# Camping in Dubai?



## fudzzz (Oct 9, 2011)

Hello all,

I'm really keen on taking advantage of this 'cold' weather and doing a bit of camping in or around Dubai. Anyone have any campsite recommendations for someone who doesn't have a car or bike? 

Also, is solo camping reasonably safe (criminal activity wise) in the Dubai desert?

I've heard that Oman is awesome for hiking/camping, but I want to start off in Dubai and then maybe in the near future I'll apply for an Oman tourist visa and head out there. Just wanna get a basic camping experience in the UAE first.

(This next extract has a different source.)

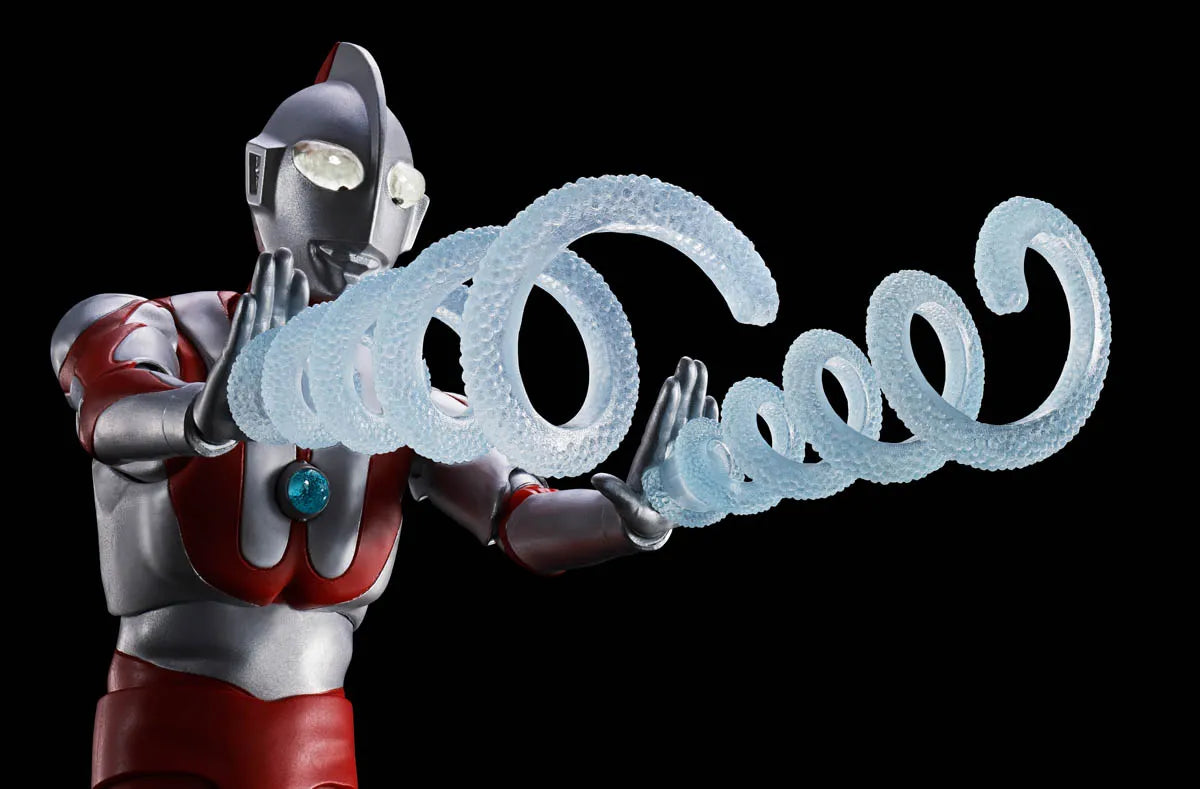 S.H.Figuarts (Shinkocchou Seihou) Ultraman 60th Anniversary Form "Ultraman" | Bandai Tamashii Nations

Cheers for any tips/advice!


----------



## BedouGirl (Sep 15, 2011)

Driving in the desert in one vehicle is not advisable. It's not about crime, it's about safety - if you break down, have an accident, etc.


----------



## fudzzz (Oct 9, 2011)

BedouGirl said:


> Driving in the desert in one vehicle is not advisable. It's not about crime, it's about safety - if you break down, have an accident, etc.


I don't own a car yet, and am just thinking of doing a bit of hiking/trekking/camping. So far, from what I've read online, it seems to be fairly safe as long as you have a GPS, map, and a good sense of direction. 

I've narrowed down to good places to go: Hatta and Dibba (Fujairah).

I'll probably head to Dibba next week, after purchasing some camping gear. However, I just need to know if it's legal to pitch up a tent anywhere. (Let's say I hike 30 mins into the mountains and find a nice flat spot, etc).


----------